I mentioned before couple of times that NihAV
has its own functioning H.264 decoder. And after my failed attempts to use hardware accelerated decoding instead, I spend some time trying to optimise it but eventually gave up. On one hand it’s fast enough for my needs, on the other hand it’s too tedious to optimise it further (even if I can spare time on it, I’d rather not).
To put it into perspective, initially it was about three times slower than libavcodec
one without SIMD optimisations, now it’s only about two times slower (with SIMD turned on it’s about five times as slow, feel free to laugh at me).

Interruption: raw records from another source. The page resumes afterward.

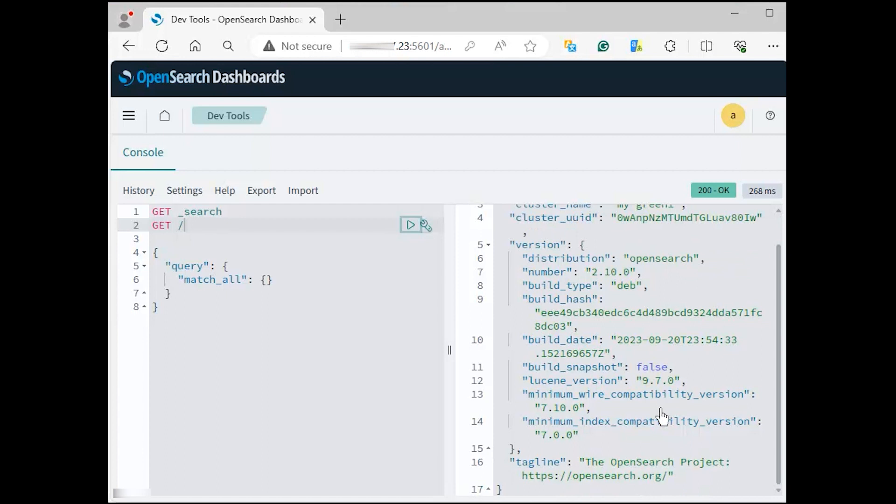Finally, we have completed the process of installing the OpenSearch dashboard and also configured the OpenSearch console to connect to the OpenSearch server.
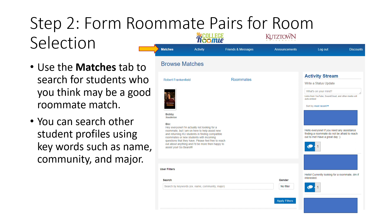After your profile is complete, you are ready to search for potential roommates. To do this, go to the Matches tab. On this page, you will be able to search for students using filters such as name, community, and major.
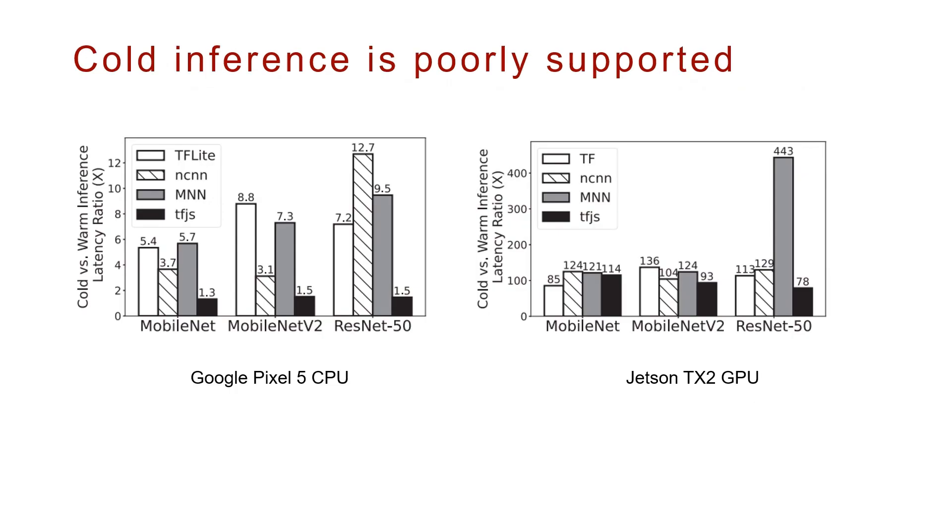Unfortunately, the state-of-the-art DNN engines are not ready to boost cold inference. Cold inference mainly includes the following stages.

But at the same time playing 720p content (and I have next to no files with larger resolution) in multi-threading mode takes 20-25% of the core so it’s not that bad.
So how the cycles are wasted and is there a potential for serious optimisation?
Bitstream decoding takes about seven percent of total time, motion compensation takes 29% of total time (a quarter of which is spent of 2×2/2×4 chroma blocks), in-loop filtering is 21%, intra prediction takes about three percent of time, and the rest is spent in various glue code that decides what DSP functions should be called and updates various contents. For instance, over 8% of total time is spent in a single function that fills edge deblocking strengths for a macroblock (the values are dependent on coded/uncoded block flags and motion vector values, no actual pixels are checked) and five percent of total time is spent calculating direct motion vector pair for various blocks.
I’m pretty sure I could shave off ten percent of decoding time by optimising loop filters and getting rid of the overhead generated by Rust compiler for motion compensation functions but that won’t change things much. I suspect that the main speed-up can be achieved by changing the data structures design for the decoder: introducing caches for the often-used information for the macroblock and its neighbourhood, eliminating checked accesses wherever possible, using some tricks to speed-up common calculations and so on. The problem that it’s not fun, takes too much time (even to see some results let alone complete it in full) and I have no need for it. Previously I made optimisations because it was fun or could speed-up decoding significantly (as single-threaded decoding was too slow for comfortable playback) but the low-hanging fruits have been picked, the decoder is fast enough for my practical needs and this I have no incentive to keep working on it whatsoever.
Nevertheless, I hope this demonstrates that you don’t need to be genius and an insane amount of time to write a semi-decent H.264 decoder even if it would take a joint effort of many talented people to make it very fast.